Lily se puso rígida al oír el irónico comentario.
— Oh, gracias — tartamudeó y en aquel momento vio un coche de punto bajar con lentitud por la Avenida Madison y lo llamó con un desesperado ademán —. Es usted muy amable, pero no quiero causarle tantas molestias — añadió, alargando la mano al señor Rosedale y saltando, sin hacer caso de las protestas de éste, al vehículo salvador, desde cuyo interior gritó una orden al cochero con voz entrecortada.
Se apoyó en el respaldo con un suspiro.
¿Por qué una chica tenía que pagar tan cara la menor desviación de la rutina? ¿Por qué no se podía obrar con naturalidad sin tener que ocultarse tras una estructura de disimulo? Al ir al piso de Lawrence Selden había cedido a un impulso momentáneo, ¡y eran tan raras las veces que podía permitirse el lujo de un impulso! De todos modos, éste le costaría bastante más de lo que podía permitirse. La molestaba ver que, a pesar de tantos años de vigilancia, había cometido dos torpezas en cinco minutos. Aquella estúpida historia de la modista ya era por sí sola bastante grave; ¡con lo fácil que habría sido decirle a Rosedale que había ido a tomar el té con Selden! La mera constatación del hecho lo habría vuelto inocuo. Pero, después de dejarse sorprender en una mentira, era doblemente estúpido desairar al testigo de su falsedad. Si hubiera tenido la presencia de ánimo de permitir a Rosedale acompañarla a la estación, el privilegio podría haber comprado su silencio. Éste contaba con la exactitud de su raza para la apreciación de valores y ser visto en el andén a una hora de intenso tráfico en compañía de la señorita Lily Bart habría equivalido a tener dinero en el bolsillo, como él mismo diría. Estaba enterado, por supuesto, de que había una gran reunión en Bellomont y la posibilidad de ser tomado por un invitado de la señora Trenor entraba sin duda en sus cálculos. El señor Rosedale se hallaba todavía en una fase de su ascenso social en la que no carecía de importancia producir tales impresiones.

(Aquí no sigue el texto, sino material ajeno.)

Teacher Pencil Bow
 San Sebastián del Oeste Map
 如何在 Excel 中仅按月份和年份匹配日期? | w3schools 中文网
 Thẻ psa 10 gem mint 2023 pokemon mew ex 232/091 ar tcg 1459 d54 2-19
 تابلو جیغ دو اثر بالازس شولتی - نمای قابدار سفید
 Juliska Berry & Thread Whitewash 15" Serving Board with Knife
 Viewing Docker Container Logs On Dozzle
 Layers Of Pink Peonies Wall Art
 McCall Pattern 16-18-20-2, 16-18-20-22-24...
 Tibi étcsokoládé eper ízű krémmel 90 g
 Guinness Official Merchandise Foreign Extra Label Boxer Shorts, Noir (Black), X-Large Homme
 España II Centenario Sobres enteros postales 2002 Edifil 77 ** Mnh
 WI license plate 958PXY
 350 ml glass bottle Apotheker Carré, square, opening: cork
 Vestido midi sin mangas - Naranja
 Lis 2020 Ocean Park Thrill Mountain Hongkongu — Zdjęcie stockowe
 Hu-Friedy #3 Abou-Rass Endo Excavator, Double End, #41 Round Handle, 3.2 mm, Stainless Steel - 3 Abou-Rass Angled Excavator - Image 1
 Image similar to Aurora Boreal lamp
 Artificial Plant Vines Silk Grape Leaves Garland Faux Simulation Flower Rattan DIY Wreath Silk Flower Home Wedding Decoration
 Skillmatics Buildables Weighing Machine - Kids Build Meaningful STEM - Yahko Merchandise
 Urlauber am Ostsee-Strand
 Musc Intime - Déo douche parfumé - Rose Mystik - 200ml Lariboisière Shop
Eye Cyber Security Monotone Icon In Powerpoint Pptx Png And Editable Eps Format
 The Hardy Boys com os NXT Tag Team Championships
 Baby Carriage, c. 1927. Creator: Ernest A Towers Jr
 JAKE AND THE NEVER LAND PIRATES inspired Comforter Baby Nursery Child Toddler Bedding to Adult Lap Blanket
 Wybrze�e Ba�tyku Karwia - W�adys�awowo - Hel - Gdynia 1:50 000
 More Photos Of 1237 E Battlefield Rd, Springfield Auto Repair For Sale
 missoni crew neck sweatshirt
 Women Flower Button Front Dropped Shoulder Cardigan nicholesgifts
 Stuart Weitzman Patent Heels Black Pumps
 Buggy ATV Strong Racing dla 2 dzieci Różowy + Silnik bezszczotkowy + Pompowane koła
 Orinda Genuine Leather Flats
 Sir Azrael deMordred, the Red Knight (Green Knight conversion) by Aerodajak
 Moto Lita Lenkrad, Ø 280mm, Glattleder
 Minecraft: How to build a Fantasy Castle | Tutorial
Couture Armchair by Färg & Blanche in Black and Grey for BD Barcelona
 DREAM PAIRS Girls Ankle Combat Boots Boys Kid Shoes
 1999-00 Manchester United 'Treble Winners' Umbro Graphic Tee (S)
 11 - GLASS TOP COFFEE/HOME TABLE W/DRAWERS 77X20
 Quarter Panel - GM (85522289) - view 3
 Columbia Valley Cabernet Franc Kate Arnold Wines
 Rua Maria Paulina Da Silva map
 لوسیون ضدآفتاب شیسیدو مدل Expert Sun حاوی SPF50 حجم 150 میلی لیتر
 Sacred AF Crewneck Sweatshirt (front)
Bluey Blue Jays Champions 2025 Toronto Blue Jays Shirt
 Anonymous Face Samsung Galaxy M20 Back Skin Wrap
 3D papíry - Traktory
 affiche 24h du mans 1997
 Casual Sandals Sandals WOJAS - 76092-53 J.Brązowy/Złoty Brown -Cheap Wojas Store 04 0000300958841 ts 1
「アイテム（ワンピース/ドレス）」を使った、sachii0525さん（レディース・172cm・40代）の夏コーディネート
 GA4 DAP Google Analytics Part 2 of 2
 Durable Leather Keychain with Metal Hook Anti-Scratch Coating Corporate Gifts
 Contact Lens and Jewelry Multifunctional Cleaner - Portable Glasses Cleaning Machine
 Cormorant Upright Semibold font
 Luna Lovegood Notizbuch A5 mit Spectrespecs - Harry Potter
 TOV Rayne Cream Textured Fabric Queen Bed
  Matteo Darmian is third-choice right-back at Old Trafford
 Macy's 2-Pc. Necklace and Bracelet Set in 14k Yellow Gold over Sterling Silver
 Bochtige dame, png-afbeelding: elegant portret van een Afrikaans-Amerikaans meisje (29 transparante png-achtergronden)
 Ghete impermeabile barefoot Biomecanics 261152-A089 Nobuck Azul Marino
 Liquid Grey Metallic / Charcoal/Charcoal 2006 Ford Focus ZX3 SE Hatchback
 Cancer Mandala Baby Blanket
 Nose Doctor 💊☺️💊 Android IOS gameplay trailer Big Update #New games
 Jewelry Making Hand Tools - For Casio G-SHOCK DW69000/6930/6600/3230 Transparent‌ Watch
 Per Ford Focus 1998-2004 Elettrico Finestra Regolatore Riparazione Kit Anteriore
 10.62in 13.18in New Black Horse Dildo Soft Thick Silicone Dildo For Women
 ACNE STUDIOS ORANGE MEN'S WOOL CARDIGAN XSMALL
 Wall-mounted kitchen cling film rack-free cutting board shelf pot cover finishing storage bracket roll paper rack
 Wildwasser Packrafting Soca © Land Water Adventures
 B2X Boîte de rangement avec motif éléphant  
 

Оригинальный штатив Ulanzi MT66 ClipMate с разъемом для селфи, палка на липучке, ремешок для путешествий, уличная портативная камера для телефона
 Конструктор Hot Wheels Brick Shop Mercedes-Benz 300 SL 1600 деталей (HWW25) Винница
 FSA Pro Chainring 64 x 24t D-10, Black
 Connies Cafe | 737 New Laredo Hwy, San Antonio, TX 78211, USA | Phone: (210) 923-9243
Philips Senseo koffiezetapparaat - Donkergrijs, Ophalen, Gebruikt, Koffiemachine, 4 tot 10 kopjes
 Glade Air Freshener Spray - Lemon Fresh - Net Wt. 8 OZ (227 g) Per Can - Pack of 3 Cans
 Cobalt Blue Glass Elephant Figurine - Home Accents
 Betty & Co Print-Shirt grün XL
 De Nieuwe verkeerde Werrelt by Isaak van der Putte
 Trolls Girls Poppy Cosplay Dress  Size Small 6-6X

Lo fastidioso era que Lily sabía todo esto; sabía lo fácil que habría sido silenciarle en el acto y lo difícil que sería hacerlo después. El señor Simon Rosedale era un hombre interesado en saberlo todo de todo el mundo y cuya idea de mostrarse cómodo en sociedad era hacer gala de una desagradable familiaridad con las costumbres de aquellas personas de las que le convenía ser considerado amigo íntimo. Lily estaba segura de que dentro de veinticuatro horas la historia de su visita a la modista en el Benedick circularía activamente entre los conocidos del señor Rosedale. Lo peor era que ella nunca le había hecho caso y siempre le había desairado. En su primera aparición pública, una vez que el imprudente primo de Lily, Jack Stepney, obtuvo para él (a cambio de favores muy fáciles de adivinar) una invitación a una de las inmensas e impersonales “aglomeraciones” de los Van Osburgh, Rosedale, con esa mezcla de sensibilidad artística y astucia comercial que caracteriza a su raza, había gravitado instantáneamente hacia la señorita Bart, la cual comprendía sus motivos, ya que también se dejaba guiar por cálculos de la misma índole. La educación y la experiencia la habían enseñado a ser hospitalaria con los recién llegados, ya que los menos prometedores podían ser útiles en el futuro, y había muchas oubliettes4 a punto para confinarlos si no lo eran. Sin embargo, cierta repugnancia instintiva, que anuló años de disciplina social, la había obligado a empujar al señor Rosedale al fondo de una de esas oubliettes sin juicio previo. Cayó dejando sólo una estela de risas entre los amigos de Lily por tan rápida eliminación y, aunque más tarde (para cambiar la metáfora) reapareció río abajo, fue sólo en momentos fugaces entre largas inmersiones.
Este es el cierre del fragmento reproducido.